**Caption-style text data:**
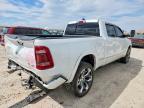 2019 Dodge RAM 1500 Limited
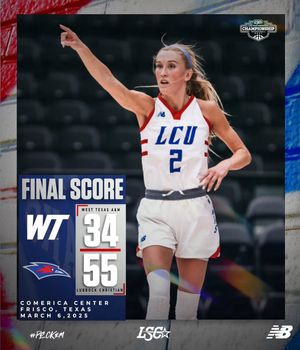 Image post by @lcuchaps on Instagram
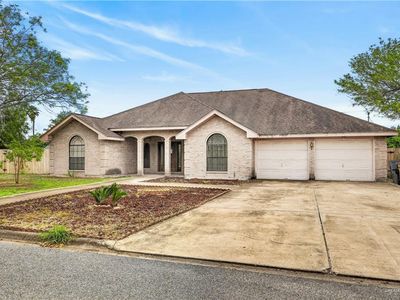 2010 Point West Dr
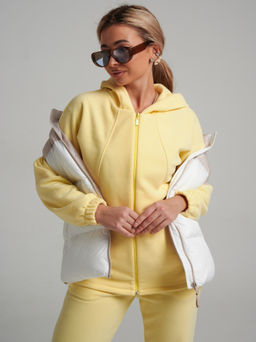 964 Костюм "Желтый"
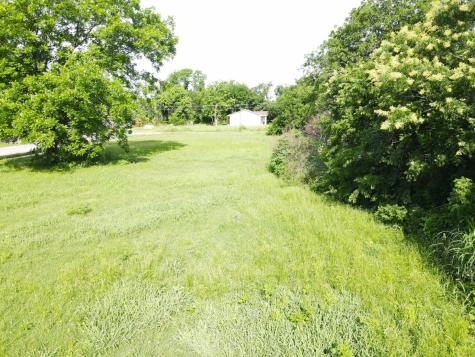 0 S Frances Street Terrell TX 75160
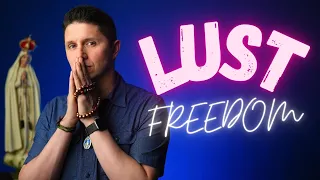 Lust & Freedom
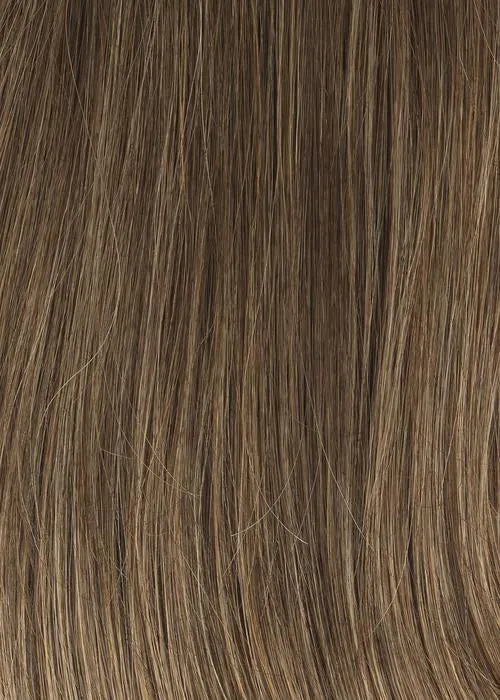 Everyday Elegant Wig by Gabor | Synthetic Hair | Average Cap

**Exercise requirements:**
What is wanted is a word-for-word restatement of the entries, without their images.

**Expected answer:**
 2019 Dodge RAM 1500 Limited
 Image post by @lcuchaps on Instagram
 2010 Point West Dr
 964 Костюм "Желтый"
 0 S Frances Street Terrell TX 75160
 Lust & Freedom
 Everyday Elegant Wig by Gabor | Synthetic Hair | Average Cap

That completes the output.